__What you should do__. Restate the lines exactly, starting at the line that contains "Enfant portant CLEMENTINE" and finishing with the final line of the records.

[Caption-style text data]
--*--

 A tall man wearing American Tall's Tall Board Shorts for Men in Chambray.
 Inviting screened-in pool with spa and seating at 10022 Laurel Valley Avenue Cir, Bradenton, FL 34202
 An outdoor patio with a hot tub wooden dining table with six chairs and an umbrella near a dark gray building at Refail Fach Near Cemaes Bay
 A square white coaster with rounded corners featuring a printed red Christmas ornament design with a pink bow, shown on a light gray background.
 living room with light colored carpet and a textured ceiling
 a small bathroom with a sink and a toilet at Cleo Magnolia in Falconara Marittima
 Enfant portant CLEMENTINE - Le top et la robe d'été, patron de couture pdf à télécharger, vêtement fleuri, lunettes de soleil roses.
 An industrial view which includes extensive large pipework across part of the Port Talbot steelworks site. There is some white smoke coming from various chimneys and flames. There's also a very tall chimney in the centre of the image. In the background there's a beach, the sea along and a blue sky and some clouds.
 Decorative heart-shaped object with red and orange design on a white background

--*--

__Output below__.
 Enfant portant CLEMENTINE - Le top et la robe d'été, patron de couture pdf à télécharger, vêtement fleuri, lunettes de soleil roses.
 An industrial view which includes extensive large pipework across part of the Port Talbot steelworks site. There is some white smoke coming from various chimneys and flames. There's also a very tall chimney in the centre of the image. In the background there's a beach, the sea along and a blue sky and some clouds.
 Decorative heart-shaped object with red and orange design on a white background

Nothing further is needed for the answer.